WASHINGTON - The White House press corps is pushing back against suggestions from top officials in Donald Trump’s incoming administration that journalists covering the president-elect may no longer have a spot in the White House to do their jobs.

The White House Correspondents’ Association (WHCA) Board issued a critical statement Sunday about the possible relocation out of the executive mansion’s briefing room, following statements from the Trump staff that indicated press placement was not guaranteed.

“We object strenuously to any move that would shield the president and his advisers from the scrutiny of an on-site White House press corps,” Jeff Mason, chair of the WHCA, wrote in an email on behalf of the group’s members.

“The briefing room is open now to all reporters who request access. We support that and always will,” Mason said. “The WHCA will fight to keep the briefing room and West Wing access to senior administration officials open.”

Mason added that he would be meeting with incoming White House press secretary Sean Spicer in order to “try to get more clarity on exactly what they are suggesting.”

The statement came shortly after a report in Esquire magazine that the Trump administration could be looking to evict the press corps from its spot in the White House Briefing Room, where journalists assigned to cover the president have been for decades.

“There has been no decision,” Sean Spicer told Esquire in a report published Saturday. He added that “there has been some discussion about how to do it."

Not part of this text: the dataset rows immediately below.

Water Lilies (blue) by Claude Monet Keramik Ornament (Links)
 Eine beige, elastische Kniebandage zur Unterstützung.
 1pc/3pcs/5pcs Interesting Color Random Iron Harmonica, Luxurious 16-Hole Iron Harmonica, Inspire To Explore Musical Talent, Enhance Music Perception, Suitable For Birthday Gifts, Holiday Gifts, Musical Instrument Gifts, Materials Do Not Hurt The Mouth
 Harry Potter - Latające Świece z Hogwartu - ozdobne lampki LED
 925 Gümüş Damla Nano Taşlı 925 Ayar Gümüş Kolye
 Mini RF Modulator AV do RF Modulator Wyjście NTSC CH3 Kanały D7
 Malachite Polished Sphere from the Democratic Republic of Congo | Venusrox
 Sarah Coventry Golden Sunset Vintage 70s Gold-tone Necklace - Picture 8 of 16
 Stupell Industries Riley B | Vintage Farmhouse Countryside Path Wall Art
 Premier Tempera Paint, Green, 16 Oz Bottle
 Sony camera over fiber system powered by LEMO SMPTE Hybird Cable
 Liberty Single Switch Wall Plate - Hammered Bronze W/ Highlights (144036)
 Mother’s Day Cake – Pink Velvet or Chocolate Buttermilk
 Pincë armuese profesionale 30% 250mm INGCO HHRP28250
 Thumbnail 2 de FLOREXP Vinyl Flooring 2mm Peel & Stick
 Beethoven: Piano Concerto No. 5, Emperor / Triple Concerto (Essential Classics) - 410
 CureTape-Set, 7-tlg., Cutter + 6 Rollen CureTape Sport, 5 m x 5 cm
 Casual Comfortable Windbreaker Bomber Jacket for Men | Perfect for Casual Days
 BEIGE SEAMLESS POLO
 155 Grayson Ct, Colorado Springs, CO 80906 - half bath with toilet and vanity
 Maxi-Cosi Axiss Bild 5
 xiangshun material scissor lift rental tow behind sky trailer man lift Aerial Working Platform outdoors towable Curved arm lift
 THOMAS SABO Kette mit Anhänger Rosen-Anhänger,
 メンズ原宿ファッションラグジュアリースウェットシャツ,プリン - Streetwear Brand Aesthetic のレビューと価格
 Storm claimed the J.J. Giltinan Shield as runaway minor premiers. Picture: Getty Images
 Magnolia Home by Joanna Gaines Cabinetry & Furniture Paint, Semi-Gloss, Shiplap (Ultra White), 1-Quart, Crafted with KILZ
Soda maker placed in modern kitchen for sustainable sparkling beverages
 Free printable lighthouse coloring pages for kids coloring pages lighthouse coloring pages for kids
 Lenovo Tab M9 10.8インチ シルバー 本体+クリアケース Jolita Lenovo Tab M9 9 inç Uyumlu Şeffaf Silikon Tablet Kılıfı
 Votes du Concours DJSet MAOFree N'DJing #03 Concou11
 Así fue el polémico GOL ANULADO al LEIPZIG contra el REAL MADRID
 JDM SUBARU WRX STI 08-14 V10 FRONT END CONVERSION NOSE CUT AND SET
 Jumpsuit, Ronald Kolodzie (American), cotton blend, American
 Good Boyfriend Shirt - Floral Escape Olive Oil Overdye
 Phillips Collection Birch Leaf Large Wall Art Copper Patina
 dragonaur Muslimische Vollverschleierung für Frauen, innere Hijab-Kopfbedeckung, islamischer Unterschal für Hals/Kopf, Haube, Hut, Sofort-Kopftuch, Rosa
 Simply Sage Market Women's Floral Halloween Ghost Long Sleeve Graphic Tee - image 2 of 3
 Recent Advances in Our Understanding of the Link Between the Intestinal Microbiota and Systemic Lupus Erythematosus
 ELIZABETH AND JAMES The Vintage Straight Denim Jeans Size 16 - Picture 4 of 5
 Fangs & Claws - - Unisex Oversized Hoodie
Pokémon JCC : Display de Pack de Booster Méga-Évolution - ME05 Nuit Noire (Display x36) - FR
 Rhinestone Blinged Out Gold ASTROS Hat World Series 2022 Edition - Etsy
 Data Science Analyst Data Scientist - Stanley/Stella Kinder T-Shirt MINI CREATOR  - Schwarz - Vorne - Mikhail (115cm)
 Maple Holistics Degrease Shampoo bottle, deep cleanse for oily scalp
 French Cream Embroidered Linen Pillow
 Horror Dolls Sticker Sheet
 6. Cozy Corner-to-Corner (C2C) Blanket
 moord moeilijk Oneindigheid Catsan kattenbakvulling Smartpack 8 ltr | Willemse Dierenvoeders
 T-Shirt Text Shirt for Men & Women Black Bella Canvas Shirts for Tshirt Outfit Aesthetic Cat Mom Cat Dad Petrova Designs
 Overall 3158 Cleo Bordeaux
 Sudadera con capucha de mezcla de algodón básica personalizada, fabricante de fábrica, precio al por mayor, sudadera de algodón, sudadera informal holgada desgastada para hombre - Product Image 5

Vice President-elect Mike Pence weighed in on the potential press eviction Sunday on CBS’ “Face the Nation,” offering up the explanation that the press may be better served in a briefing area that wasn’t just “a pretty small room.”

“I think the interest of the team is to make sure that we accommodate the broadest number of people who are interested in media from around the country and around the world,” Pence said. He confirmed Spicer’s claim, however, that “no decision” had yet been made.

The reports come after recent flare-ups of Mr. Trump’s own antagonistic relationship with the press. During his first news conference with journalists since his election victory, the president-elect repeatedly slammed members of established news outlets as “fake news.”

And in his most recent tweet Sunday, Mr. Trump charged that the “media should apologize” for their recent coverage of an unverified dossier alleging compromising ties to Russia.